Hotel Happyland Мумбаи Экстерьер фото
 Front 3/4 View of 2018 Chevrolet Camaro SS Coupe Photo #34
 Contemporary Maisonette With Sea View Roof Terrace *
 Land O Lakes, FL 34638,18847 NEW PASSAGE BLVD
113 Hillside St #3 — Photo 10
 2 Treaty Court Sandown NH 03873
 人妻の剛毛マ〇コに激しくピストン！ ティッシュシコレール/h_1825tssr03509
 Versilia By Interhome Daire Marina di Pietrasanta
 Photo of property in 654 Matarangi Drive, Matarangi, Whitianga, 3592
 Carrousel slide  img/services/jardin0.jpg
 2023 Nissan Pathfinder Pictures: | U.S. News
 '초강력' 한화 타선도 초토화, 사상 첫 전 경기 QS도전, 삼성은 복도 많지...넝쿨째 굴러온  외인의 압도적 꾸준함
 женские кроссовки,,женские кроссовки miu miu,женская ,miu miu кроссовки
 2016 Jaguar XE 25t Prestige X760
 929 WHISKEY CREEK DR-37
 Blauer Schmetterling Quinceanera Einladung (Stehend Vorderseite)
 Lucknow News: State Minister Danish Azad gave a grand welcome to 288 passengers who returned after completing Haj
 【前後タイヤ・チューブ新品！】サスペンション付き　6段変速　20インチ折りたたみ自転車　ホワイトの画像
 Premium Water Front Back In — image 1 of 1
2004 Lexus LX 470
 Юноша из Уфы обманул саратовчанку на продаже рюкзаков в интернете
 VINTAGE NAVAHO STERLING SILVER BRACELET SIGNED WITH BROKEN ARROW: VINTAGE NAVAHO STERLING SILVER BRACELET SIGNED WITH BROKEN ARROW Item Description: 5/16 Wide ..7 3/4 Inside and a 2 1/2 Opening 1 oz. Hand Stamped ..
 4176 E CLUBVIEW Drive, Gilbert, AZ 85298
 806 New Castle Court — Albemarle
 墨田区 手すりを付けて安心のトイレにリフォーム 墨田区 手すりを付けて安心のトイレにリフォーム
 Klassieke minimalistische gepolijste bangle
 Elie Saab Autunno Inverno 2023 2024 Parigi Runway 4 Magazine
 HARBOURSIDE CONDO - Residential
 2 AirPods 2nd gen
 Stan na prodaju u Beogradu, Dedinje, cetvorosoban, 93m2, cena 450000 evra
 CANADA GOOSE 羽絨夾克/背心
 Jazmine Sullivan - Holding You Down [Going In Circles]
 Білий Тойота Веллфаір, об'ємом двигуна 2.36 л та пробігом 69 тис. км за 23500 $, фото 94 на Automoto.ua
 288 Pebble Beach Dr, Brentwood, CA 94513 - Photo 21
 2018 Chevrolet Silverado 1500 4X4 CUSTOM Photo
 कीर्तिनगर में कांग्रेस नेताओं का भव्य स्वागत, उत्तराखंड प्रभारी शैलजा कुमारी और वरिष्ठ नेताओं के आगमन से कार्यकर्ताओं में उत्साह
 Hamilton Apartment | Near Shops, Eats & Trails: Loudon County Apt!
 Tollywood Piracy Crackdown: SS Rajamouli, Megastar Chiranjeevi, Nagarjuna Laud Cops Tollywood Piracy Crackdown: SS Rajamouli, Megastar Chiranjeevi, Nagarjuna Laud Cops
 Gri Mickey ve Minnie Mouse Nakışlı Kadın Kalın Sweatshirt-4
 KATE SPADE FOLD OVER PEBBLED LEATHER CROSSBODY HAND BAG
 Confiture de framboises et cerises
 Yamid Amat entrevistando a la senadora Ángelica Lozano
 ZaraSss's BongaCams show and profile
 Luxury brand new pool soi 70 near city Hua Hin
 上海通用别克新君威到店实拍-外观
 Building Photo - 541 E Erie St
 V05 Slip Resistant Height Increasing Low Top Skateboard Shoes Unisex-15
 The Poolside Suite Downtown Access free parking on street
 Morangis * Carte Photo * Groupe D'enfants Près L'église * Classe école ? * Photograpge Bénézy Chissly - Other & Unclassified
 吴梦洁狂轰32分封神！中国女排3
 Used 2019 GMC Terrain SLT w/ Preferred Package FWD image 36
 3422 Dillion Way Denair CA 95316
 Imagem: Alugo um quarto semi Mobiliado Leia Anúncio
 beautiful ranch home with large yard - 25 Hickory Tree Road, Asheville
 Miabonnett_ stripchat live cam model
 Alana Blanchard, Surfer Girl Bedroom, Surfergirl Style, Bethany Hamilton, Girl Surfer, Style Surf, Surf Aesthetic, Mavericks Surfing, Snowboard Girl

----

■ THE PROBLEM ■
Copy all lines from the data that hold the word "Court".

■ ANSWER TO THIS PROBLEM ■
 2 Treaty Court Sandown NH 03873
 806 New Castle Court — Albemarle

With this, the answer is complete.